The Women in Learning and Leadership program serves the purpose of encouraging academic excellence for women and overcoming obstacles created by gender, while promoting self-confidence.

In recent years, WILL has begun a Take Back the Night event at UM-Dearborn, held each year to encourage visibility and strength of sexual assault survivors and those who care about them.

This year’s event

Kylla Weir-Anderson, a senior in the WILL program and one of this year’s TBTN organizers, explained that the event is a place where “victims, survivors, supporters, friends and family will have an opportunity to share their story in a place that’s safe, non-condemning and nonjudgmental.”

The event includes a march around campus, rally and speak out with survivors, as well as materials and representatives from local groups such as First Step and UM-Dearborn’s Women’s Resource Center.
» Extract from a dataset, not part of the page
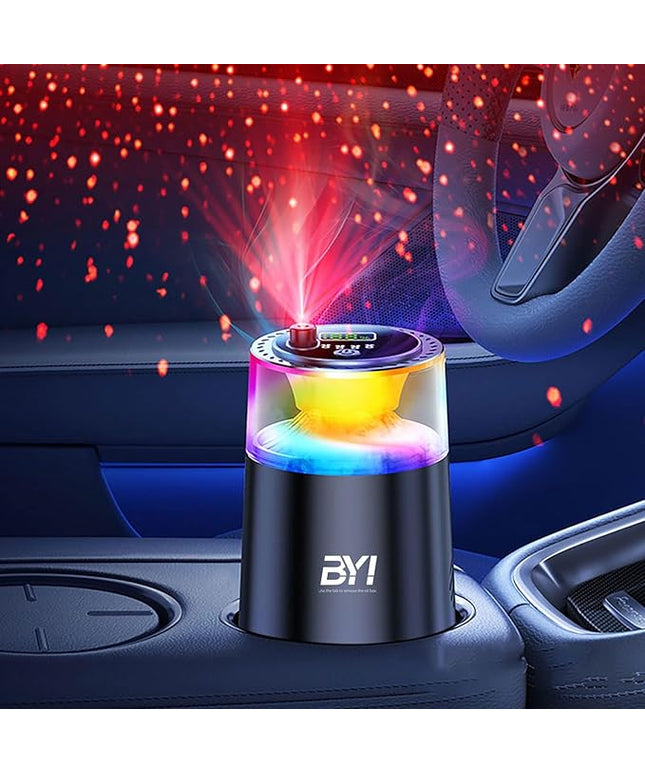 Smart Car Air Freshener with RGB Ambient Light, Galaxy Cloud Mist, Auto On/Off, Built-in Battery, Car Aroma Diffuser, Home, Office (4 Essential Oil Box), Long-Lasting Scent & Relaxing Light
“We had a huge turnout last year,” Weir-Anderson said. “People were very excited about coming to support this event.”

Weir-Anderson said she was shocked to hear that Dearborn’s reported rapes had nearly doubled from 2009 to 2010.
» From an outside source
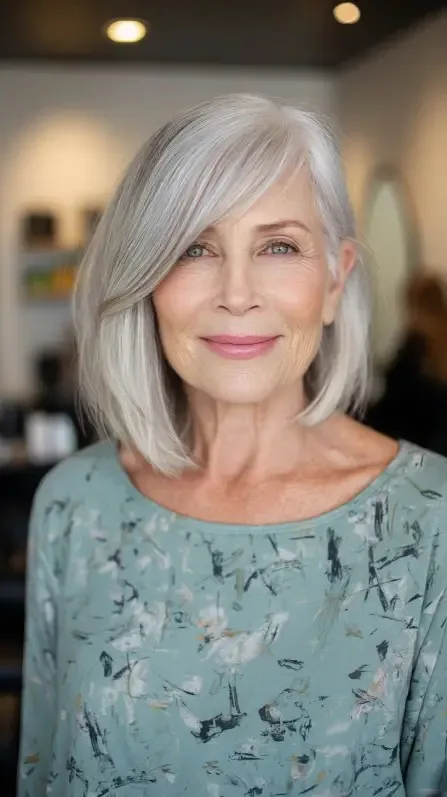 Softly Layered Silver Cut with Flattering Side Bangs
“It makes me angry, it makes me sad, and it’s startling,” she said. “It makes you wonder: What can you do? We need to have events like (Take Back the Night); we need to highlight sexual assault in our community.”
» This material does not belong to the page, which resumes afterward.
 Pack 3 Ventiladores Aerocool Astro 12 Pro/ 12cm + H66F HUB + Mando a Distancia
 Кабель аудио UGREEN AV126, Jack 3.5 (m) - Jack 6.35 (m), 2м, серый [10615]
Ben Bachrach October 06, 2011 at 12:34 PM
How many of the perpetrators in 2009 were arrested and found guilty? How many of the perpetrators in 2010 were arrested and found guilty?
Frank Lee October 06, 2011 at 12:41 PM
I think it is time for mayor O'Reilly to hold a golf outing so funds could be raised to give each local rapist a one way high speed rail ticket to Chicago. Congratulations O'Reilly not only have you destroyed the cities financial balance sheet, your inability to institute effective policing has turned our city into conviction free zone for criminals.
City of Dearborn (Editor) October 07, 2011 at 08:38 PM
Interesting comments, Frank and Ben. FBI crime stats do only follow reports, not convictions - so it's hard to say. Several factors, though: Rape cases could take months or even years to prosecute. And that's if a suspect is even apprehended, which many times, they're not. My biggest question - which, unfortunately, also doesn't have a clear answer, is whether more people are reporting rapes, or more are actually occurring. It's a difficult statistic to grapple with, for sure, but one worth thinking about, don't you think?
Mary Jo Durivage October 07, 2011 at 08:48 PM
Thanks for the important article, Jessica. I did not realize it was such an issue in Dearborn. I would like to point something out about the vocabulary in the article. You use "forcible" rape in the article. I suspect that that is how rapes are described and cataloged by law enforcement agencies. However, the very nature of rape is FORCE. To me, to say "forcible" rape is not only redundant but it is also shows a lack of understanding of this crime by agencies which use it. Keep up the good work.
Ben Bachrach October 07, 2011 at 10:18 PM
Thanks Jessica and Mary Jo for the information. Note to Frank Lee - trying to make every news report an opportunity to campaign against the mayor will cause people to ignore your legitimate complaints because of all the bogus issues you raise. Remember the story of the boy who cried wolf.
DG October 08, 2011 at 03:45 PM
Hopefully this means that some of the efforts to educate and increase awareness are working in the community. Again hopefully, more women are making reports, which would obviously result in increased rape reports as the article indicates.
Molly Tippen October 10, 2011 at 03:22 AM
Mary Jo - I think I can shed some light on the "forcible" label used by the FBI to track incidents. Law enforcement breaks down sexual assaults in a handful of categories --two of which are forcible and statuatory. "Forcible" is what we generally think of as rape; a person forcing themselves on an unwilling victim. The other category is "statuatory," which is when a legal adult and a person below the age of consent have sex. The FBI Part One report only tracks the former, not the latter. It's not that the latter is not a serious offense -- it is -- but it's not one of the categories tracked in this particular FBI report. Law enforcement officials do understand this.